An interface in Java is a reference type, similar to a class, that can contain only constants,
method signatures, default methods, static methods, and nested types. Interfaces cannot
contain instance fields or constructors, and they are abstract by nature. This means that the
methods in an interface do not have a body—they are meant to be implemented by classes.

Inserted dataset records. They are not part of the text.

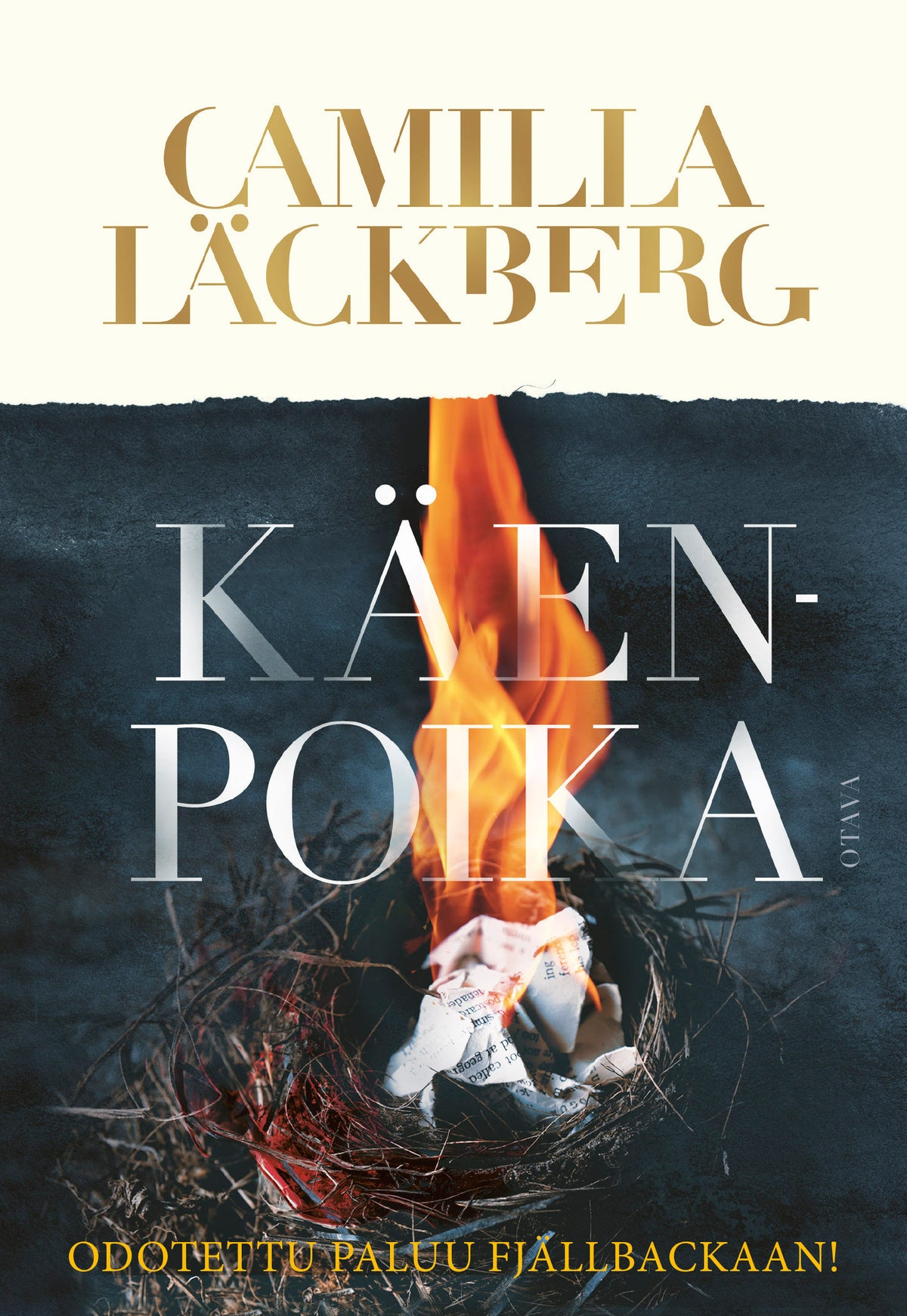 Käenpoika – E-bok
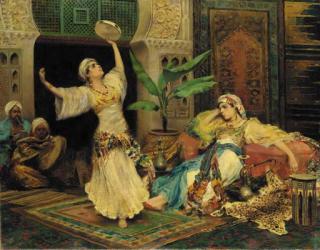 Fabbio Fabbi - The Tambourine Dance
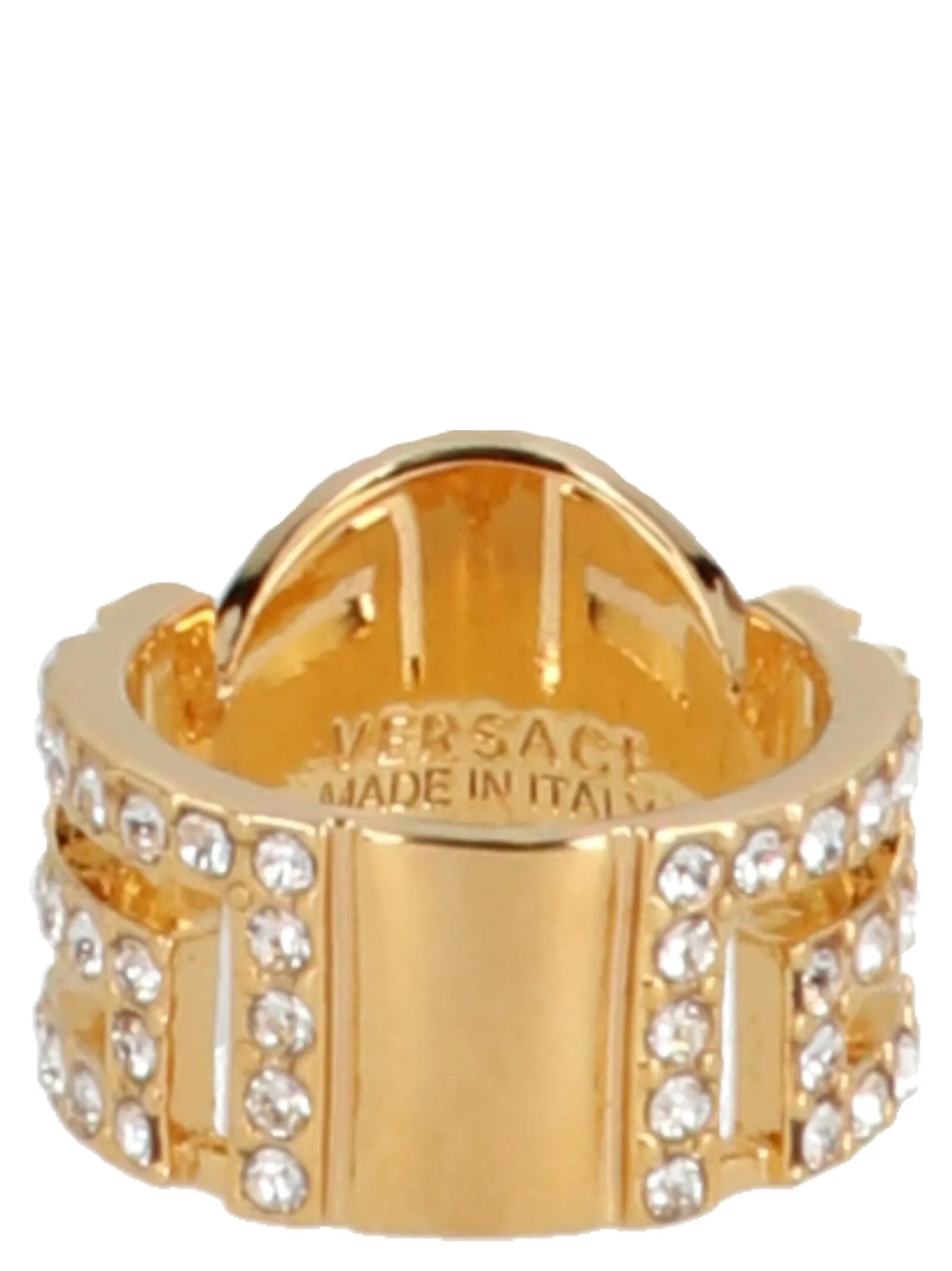 Versace Medusa Ring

Key Differences Between Interfaces and Classes

1. Nature of Methods:
- Interface: Methods in an interface are abstract by default (without implementation). From
Java 8 onwards, interfaces can also have default methods (with implementation) and static
methods.
- Class: A class can have concrete methods (with implementation).

2. Fields:
- Interface: Fields in an interface are implicitly `public`, `static`, and `final`.
- Class: A class can have instance variables and can control their visibility using access
modifiers (`private`, `protected`, `public`).

3. Inheritance:
- Interface: A class can implement multiple interfaces, allowing multiple inheritance of type.
- Class: A class can extend only one class (single inheritance).

4. Constructors:
- Interface: Interfaces cannot have constructors.
- Class: Classes have constructors to initialize objects.

Java Program Demonstrating Interfaces

Let's create an interface with method signatures and a class that implements this interface.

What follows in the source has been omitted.